==== RECORD EXTRACTS ====

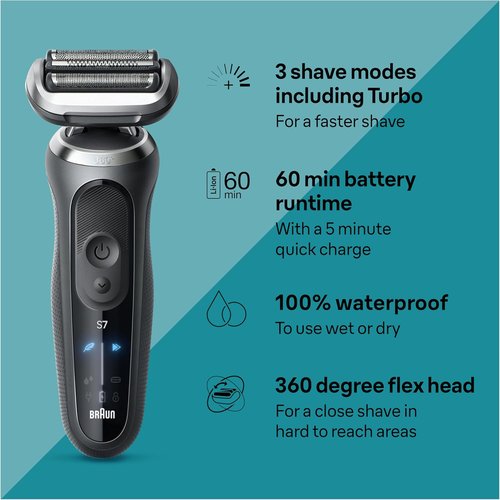 Braun Electric Shaver - Series 7 7127cs | Wet & Dry Shaving, Turbo & Gentle Modes, Waterproof, Space Grey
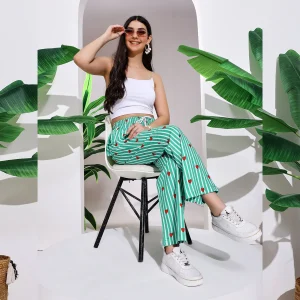 Women's Cotton Pant Green Striped Printed Trousers Size 26-34 - Image 2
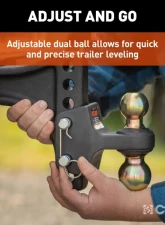 Curt HD Adjustable Trailer Hitch Ball Mount with Dual Ball, 2-1/2" Shank, 20K                                     - 45937 - Image 4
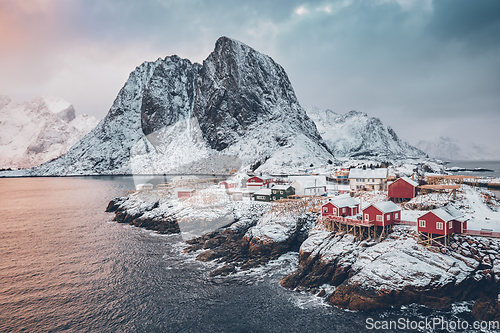 Image of Hamnoy fishing village on Lofoten Islands, Norway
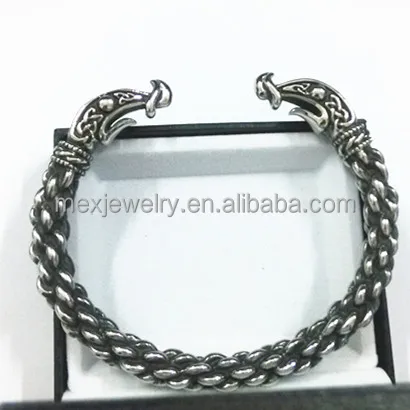 Large Chunky 316L Mens Stainless Steel Bracelet Dragon Viking Bangle Bracelets for men jewelry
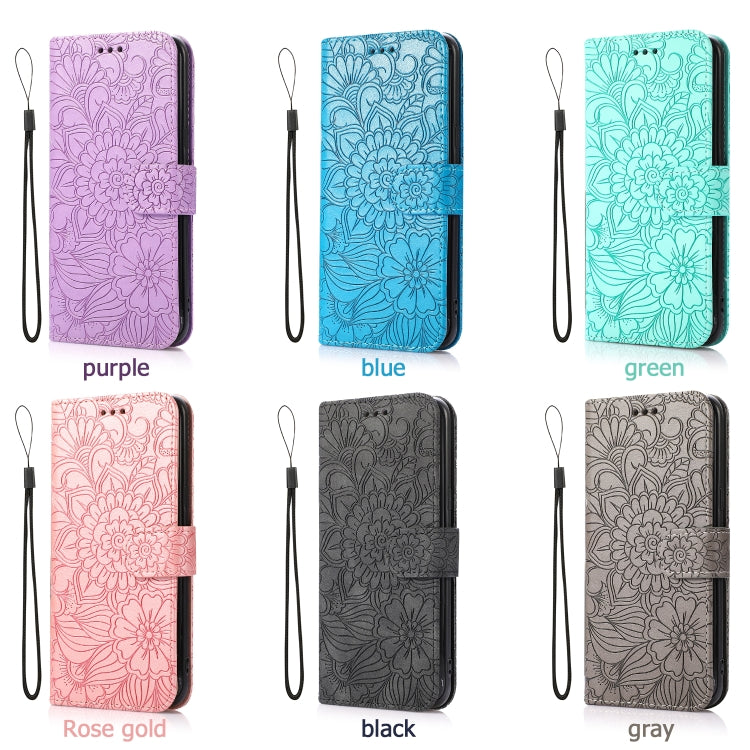 For Samsung Galaxy Note10 Lite / A81 Skin Feel Embossed Sunflower Horizontal Flip Leather Case with Holder & Card Slots & Wallet & Lanyard(Blue) by buy2fix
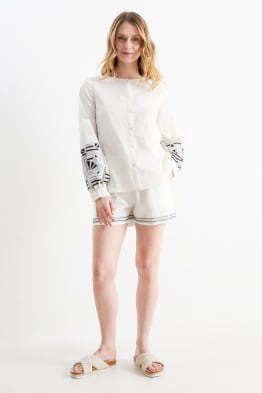 Rangsutra x C&A - shorts - mid waist - linnenmix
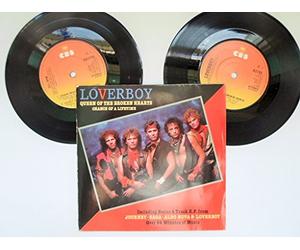 Loverboy - Loverboy Queen Of The Broken Hearts 2x7" CBS DA3705 EX/VG 1983 picture sleeve, double single, second record has 4-tracks and features three other bands - Journey: Chain Reaction, Loverboy: Lucky Ones, Aldo Nove: Fantasy, Saga: On The Loose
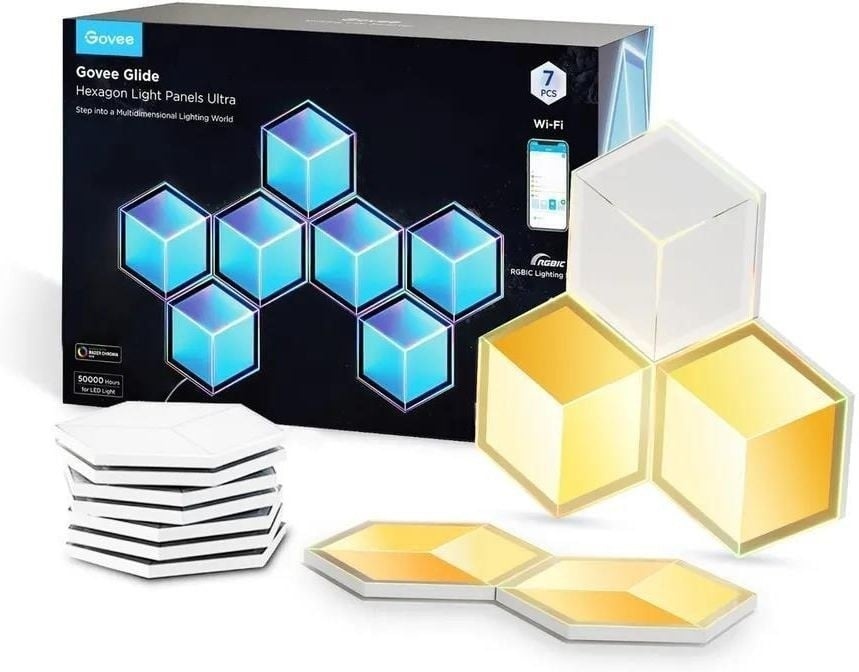 GOVEE Govee H606A Glide Pannelli Luminosi Esagonali Ultra 7-pack | Illuminazione LED | RGBIC, Wi-Fi 2.4GHz, Bluetooth - LAMPADINE | TecnoCARE.net Sabaudia, Latina, Terracina, San Felice Circeo e Pontinia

====

**TASK DETAILS**
Quote the preceding records in their entirety, excluding every picture.

**EXPECTED OUTPUT**
 Braun Electric Shaver - Series 7 7127cs | Wet & Dry Shaving, Turbo & Gentle Modes, Waterproof, Space Grey
 Women's Cotton Pant Green Striped Printed Trousers Size 26-34 - Image 2
 Curt HD Adjustable Trailer Hitch Ball Mount with Dual Ball, 2-1/2" Shank, 20K                                     - 45937 - Image 4
 Image of Hamnoy fishing village on Lofoten Islands, Norway
 Large Chunky 316L Mens Stainless Steel Bracelet Dragon Viking Bangle Bracelets for men jewelry
 For Samsung Galaxy Note10 Lite / A81 Skin Feel Embossed Sunflower Horizontal Flip Leather Case with Holder & Card Slots & Wallet & Lanyard(Blue) by buy2fix
 Rangsutra x C&A - shorts - mid waist - linnenmix
 Loverboy - Loverboy Queen Of The Broken Hearts 2x7" CBS DA3705 EX/VG 1983 picture sleeve, double single, second record has 4-tracks and features three other bands - Journey: Chain Reaction, Loverboy: Lucky Ones, Aldo Nove: Fantasy, Saga: On The Loose
 GOVEE Govee H606A Glide Pannelli Luminosi Esagonali Ultra 7-pack | Illuminazione LED | RGBIC, Wi-Fi 2.4GHz, Bluetooth - LAMPADINE | TecnoCARE.net Sabaudia, Latina, Terracina, San Felice Circeo e Pontinia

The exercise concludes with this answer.